The generous benefactor and grateful recipient will be facing the camera with gormless grins, shaking hands, and there's no mystery what each is getting out of the the deal.
If only political donations were the same, and not - as Jami Lee Ross drove through the night to recount it - by way of the party leader telling you to pick up a $100,000 donation from a wealthy businessman and to make sure it gets split into smaller amounts so that none exceeds the $15,000 threshold that requires a name on it.
Mr Ross spent an hour with reporters lamenting that the National Party leader for whom he had loyally carried bags was in fact "a flawed individual without a moral compass."
He declared, as jaws hung open, that he would be resigning from Parliament and laying a police complaint against Mr Bridges for transgressions of electoral law.
The National Party leader begged to differ, as you might expect.
He said the allegations were baseless and entirely false and he invited Jami-Lee Ross to take them to the police to be investigated fully and promptly because they had zero chance of success.

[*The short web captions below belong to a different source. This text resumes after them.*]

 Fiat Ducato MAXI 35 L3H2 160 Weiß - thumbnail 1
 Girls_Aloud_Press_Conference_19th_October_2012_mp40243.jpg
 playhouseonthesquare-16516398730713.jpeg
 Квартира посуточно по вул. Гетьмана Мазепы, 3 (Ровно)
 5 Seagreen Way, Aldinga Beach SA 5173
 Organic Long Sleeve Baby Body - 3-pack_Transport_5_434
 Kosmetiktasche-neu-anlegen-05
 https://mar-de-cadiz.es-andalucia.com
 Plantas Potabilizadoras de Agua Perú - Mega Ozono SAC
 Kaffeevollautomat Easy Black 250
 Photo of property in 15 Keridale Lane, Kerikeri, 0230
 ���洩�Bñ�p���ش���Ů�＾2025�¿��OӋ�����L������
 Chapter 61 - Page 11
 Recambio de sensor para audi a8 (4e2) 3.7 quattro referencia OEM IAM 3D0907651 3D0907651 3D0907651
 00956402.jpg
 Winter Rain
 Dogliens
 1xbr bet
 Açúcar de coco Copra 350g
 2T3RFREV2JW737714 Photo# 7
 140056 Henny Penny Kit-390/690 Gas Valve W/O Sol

As you might expect.
Had he asked Mr Ross to hide a donation of $100,000? Mr Bridges said "no," as you might expect.
At any stage did Zhang Yikun offer him or National a $100,000 donation? Mr Bridges demurred, as you might not have expected.
He said it was a matter for Jami-Lee Ross to take to police. Once twice and again, he was asked to answer questions about specific allegations, and once twice and again, he declined, saying it was a matter for the police.
If only there were a photo of Mr Bridges and a wealthy Chinese businessman shaking hands and gurning for the camera in front of a giant cheque.
Now we wait to learn for certain just who said what, and when, and with how much, if any, degree of unlawfulness.
For this we may be greatly assisted by a recording Mr Ross claims to have made.
The moment of truth, if you will. We seem to have several repeating elements in our modern political scandals, a national party leader, a recording device, a moment of truth and more than once, only smoke where there was supposed to be a gun. For now, we wait.
A rogue MP is not a new phenomenon, and neither is vaulting ambition and self regard.
But the sheer volume of this MP's Twitter eruption feels novel and maybe this is deleterious to democracy but perhaps you might just see it as a gift social media is making to our world by exposing and exploding rogue elements more swiftly.
Maybe it has simply helped bring into sharper focus the character of a man who by his own admission was willing to conceal unpalatable truths until it served his interests better to disclose them.
And you might ask: this man was trusted and promoted by the leader of the opposition. What does this say about him?
* David Slack is an author, columnist and speechwriter. He was speechwriter for prime ministers Geoffrey Palmer and Jim Bolger.